:: Supplied entries ::
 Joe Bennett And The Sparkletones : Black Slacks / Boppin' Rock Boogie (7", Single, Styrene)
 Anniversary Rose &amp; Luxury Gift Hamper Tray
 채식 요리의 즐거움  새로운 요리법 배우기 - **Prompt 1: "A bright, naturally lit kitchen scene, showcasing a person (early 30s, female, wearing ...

==

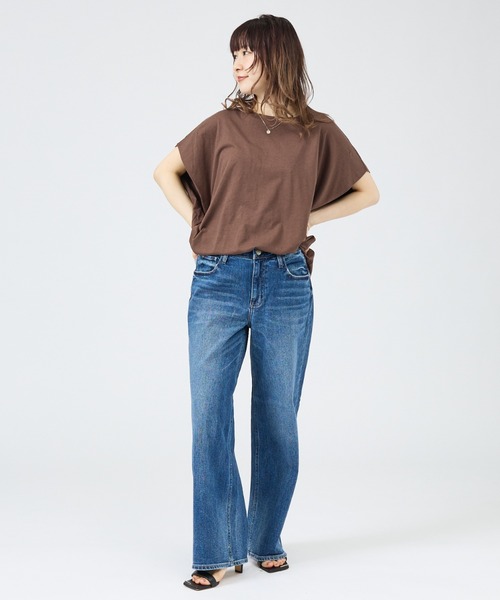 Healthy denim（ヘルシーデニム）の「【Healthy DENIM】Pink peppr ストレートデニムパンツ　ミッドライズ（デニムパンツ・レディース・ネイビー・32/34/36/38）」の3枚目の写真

:: Exercise prompt ::
Please copy, exactly as written, every line in the listing above from the line with "Joe Bennett And" up to and including the line with "female, wearing ...".

:: Output for this task ::
 Joe Bennett And The Sparkletones : Black Slacks / Boppin' Rock Boogie (7", Single, Styrene)
 Anniversary Rose &amp; Luxury Gift Hamper Tray
 채식 요리의 즐거움  새로운 요리법 배우기 - **Prompt 1: "A bright, naturally lit kitchen scene, showcasing a person (early 30s, female, wearing ...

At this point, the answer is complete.